Гойслав хмурился, сложив руки на груди. Помолчал, жуя губами, оглянул опешивших людей. Хмыкнул. И почудилось вдруг: спрятал улыбку в усы… Приподнял бровь, покивал о чём-то сам себе и провозгласил:

– Чедромир!

Тут уж я сам готов был ему сапоги лобызать, да кто ж меня пустит. Мать с отцом схватили под руки, попятились, кланяясь и благодаря, вытащили на улицу, опять тычков надарили – вот и всё празднество. Следом вышел дед Каслав, махнул рукой. Выпростался я из материных цепких рук, поправил одежду, пошёл следом. Тайком надеялся, посадит нынче дед за гончарный круг… Но он лишь сунул мне в руки аж два мешка да послал за глиной. Это уж назавтра я понял, что второй мешок был для меня.

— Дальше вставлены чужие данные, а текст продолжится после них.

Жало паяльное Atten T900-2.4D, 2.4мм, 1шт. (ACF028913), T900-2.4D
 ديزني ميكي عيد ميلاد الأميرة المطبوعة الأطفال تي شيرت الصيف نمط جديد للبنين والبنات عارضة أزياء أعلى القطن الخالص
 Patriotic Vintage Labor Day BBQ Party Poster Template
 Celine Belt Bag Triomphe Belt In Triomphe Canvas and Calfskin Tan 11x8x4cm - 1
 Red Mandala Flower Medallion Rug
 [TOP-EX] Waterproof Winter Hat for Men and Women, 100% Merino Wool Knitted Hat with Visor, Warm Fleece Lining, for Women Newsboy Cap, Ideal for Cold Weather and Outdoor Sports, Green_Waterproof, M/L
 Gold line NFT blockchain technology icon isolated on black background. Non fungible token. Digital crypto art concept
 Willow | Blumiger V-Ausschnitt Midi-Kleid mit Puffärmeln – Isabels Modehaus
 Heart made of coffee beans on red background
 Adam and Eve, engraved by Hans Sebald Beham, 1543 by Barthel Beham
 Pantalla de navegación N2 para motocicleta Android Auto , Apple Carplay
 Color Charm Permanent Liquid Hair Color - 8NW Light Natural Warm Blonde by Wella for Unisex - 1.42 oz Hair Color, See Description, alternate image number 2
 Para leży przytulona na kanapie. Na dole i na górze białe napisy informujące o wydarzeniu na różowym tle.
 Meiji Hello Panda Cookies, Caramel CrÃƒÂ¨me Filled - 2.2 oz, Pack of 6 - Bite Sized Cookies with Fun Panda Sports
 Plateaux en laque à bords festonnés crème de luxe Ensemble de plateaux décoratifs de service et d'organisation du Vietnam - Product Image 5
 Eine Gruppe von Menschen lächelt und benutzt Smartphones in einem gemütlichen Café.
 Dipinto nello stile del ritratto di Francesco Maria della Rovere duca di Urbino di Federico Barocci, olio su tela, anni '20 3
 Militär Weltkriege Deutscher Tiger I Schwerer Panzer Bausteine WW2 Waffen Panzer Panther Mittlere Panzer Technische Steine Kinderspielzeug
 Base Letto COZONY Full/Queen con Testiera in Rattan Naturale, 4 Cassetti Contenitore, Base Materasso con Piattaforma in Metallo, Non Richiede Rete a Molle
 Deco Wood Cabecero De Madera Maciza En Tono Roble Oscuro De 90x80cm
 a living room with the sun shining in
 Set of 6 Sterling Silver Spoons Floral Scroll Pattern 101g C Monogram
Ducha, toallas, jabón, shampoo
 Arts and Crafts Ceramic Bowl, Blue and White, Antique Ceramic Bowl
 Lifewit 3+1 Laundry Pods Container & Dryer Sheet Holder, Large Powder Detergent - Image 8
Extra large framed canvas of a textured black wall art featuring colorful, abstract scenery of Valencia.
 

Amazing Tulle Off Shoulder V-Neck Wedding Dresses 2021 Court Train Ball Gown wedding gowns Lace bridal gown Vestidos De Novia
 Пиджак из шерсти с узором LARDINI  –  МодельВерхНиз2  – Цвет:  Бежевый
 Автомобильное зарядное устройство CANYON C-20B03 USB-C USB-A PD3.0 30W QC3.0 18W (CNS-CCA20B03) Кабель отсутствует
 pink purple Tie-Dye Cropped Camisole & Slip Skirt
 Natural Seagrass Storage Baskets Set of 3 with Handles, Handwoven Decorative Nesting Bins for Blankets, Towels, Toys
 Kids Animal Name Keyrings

Учиться было легко и приятно, куда приятнее, чем копаться по мокрым речным берегам. Может, и правда одарили меня боги хорошими, чуткими руками. Горшки получались гладкие, ровные, даже скупой на похвалу дед Каслав одобрительно кивал. Пока однажды не пришло мне в голову пустить по ободку тонкой палочкой узор меж двух бороздок.

– Это ещё что? – изумился наставник.

– Ну… красиво же, – пробормотал я робко.

Дед помолчал, потянулся было смять поделку, но почему-то передумал. Велел нести на полку, где сушилась вся посуда до обжига. Правда, приказал больше не самовольничать. А через неделю повёз мои «художества» в Торговый Стан. Глядя на его лицо, я, право, был уверен – назад привезёт. Нет, не привёз. А когда я сел за следующий горшок, постоял рядом, потеребил бороду да вдруг сказал:

– Ну, ты там eщё чего-нибудь нарисуй давай. За полторы цены узоры твои взяли.

Тут уж я развернулся, стал рисовать орнаменты из листвы да ягод. За глиной по-прежнему ходил сам. Так было правильно. Лес был добр ко мне, и однажды я нашёл глину белую, а в другом месте голубую. Потом придумал подмешивать в глину золу или перетёртые камни разного цвета, горшки получались полосатые или с чудными разводами. Дед Каслав хмурился, вертел головой, но не мешал. Ещё через год поехал я в Торговый Стан уже известным мастером. Чедромир-горшечник – неплохо звучит, а?

Одно мне не давало покоя. Люди по-прежнему пропадали… Что мне было делать, моя ласка? Не знаю, зачем мне досталось такое сердце. Мог бы жить, не зная забот. Через пару лет построил бы свой дом с мастерской при нём. Нашёл бы жену, всё было бы по-людски. А не жилось… Всякий раз ходил в Лес и спрашивал: «Что Тебе нужно, Отче Лесе? Как мне сделать, чтобы людей Ты не брал? Как объяснить им, как научить уважать Тебя, если не слушают меня и смеются?» Так меня это терзало, что стал я мрачен, не хуже деда Каслава. Люди не любили меня, обходили стороной.

Зачем я продолжал любить их, моя ласка?..


5.

Веда так и уснула с книгой. И приснился ей Лес. Лес был зноен и пуст. И удивительно молчалив. Изредка вскрикивала какая-то мелкая птаха, но тут же смолкала, словно испугавшись собственного голоса. И только цикады звенели со всех сторон, и звон их наплывал густыми оглушительными волнами, топил в себе все остальные звуки, укачивал и спутывал мысли. И звучала в этом бесконечном монотонном звоне нечеловеческая, бездушная угроза. И синхронными волнами прокатывался по спине озноб.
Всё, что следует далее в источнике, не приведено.